- Interactive map of Kathlaur Kushlian Wildlife Sanctuary
- Location: Pathankot district, Punjab, India
- Nearest city: Pathankot
- Coordinates: 32°16′33″N 75°26′25″E﻿ / ﻿32.275797°N 75.440341°E
- Area: 758.40 ha (1,874.0 acres)
- Established: 2007
- Governing body: Department of Forest and Wildlife (Punjab)

= Kathlaur Kushlian Wildlife Sanctuary =

Wildlife sanctuary in Pathankot district, Punjab, India

Kathlaur Kushlian Wildlife Sanctuary is a wildlife sanctuary in Pathankot district in the Indian state of Punjab.

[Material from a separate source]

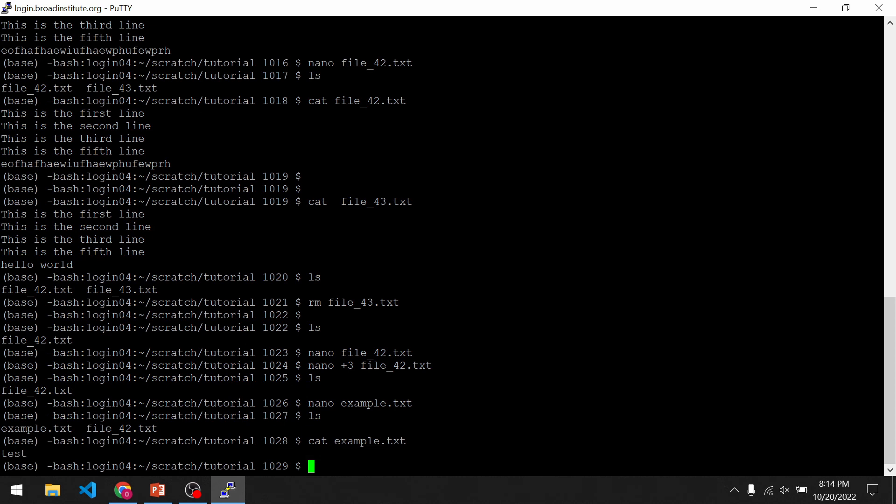So that's just a quick overview of how to use nano to edit text files from the Linux command line. If you have any questions related to this video, feel free to drop a comment and I'll get back to you.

==History and designation==
The area was notified as a wildlife sanctuary by the Government of Punjab in 2007 (Punjab Government Notification No. 34/13/2007/Ft-V/6133 dated 28 June 2007).
The notified protected area covers approximately 758.40 hectares (about 1,896 acres) of government forest land and includes lands in and around the villages of Kushalian and Kathlour and adjoining villages.

==Geography and habitat==
The sanctuary lies near Pathankot (about 25 km from the city) and is situated on the floodplain of the River Ravi.
Habitats in the sanctuary include closed-canopy forest, grassland patches (Saccharum and native grasses) and water bodies that support mammals and a variety of birds.

==Flora and fauna==
The sanctuary is reported to support several ungulates including chital (spotted deer), sambar, hog deer and barking deer.
Other fauna reported from the area include porcupine, pangolin and python; avifauna reported includes parakeets, spotted owlet and vultures.

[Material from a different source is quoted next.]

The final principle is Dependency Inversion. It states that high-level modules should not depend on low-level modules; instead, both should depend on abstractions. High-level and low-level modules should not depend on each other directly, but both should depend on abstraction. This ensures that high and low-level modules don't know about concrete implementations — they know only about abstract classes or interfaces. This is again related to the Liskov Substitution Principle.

==Conservation and threats==
The sanctuary is managed by the Department of Forest and Wildlife (Punjab), Government of Punjab.
The official Gazette / MoEF notification also defines an Eco-sensitive Zone (100 m around the sanctuary boundary) and lists the zonal restrictions and coordinates in Annexure II/III of the PDF.
In June 2024 a large fire affected parts of the sanctuary area and the Punjab wildlife/forest authorities carried out an assessment of the damage.

==Tourism and visitor facilities==
The sanctuary was developed for controlled eco-tourism and was opened to visitors in September 2021 after development works costing around ₹1.2 crore were completed.
District material lists visitor facilities such as a 5-km nature trail, observation towers and battery/golf-cart style low-impact vehicles for visitors to minimise disturbance.

==Location and access==
The sanctuary lies along the Amritsar–Jammu bypass in Tehsil Pathankot; the nearest transport hub is Pathankot (railway station and airport access to the district).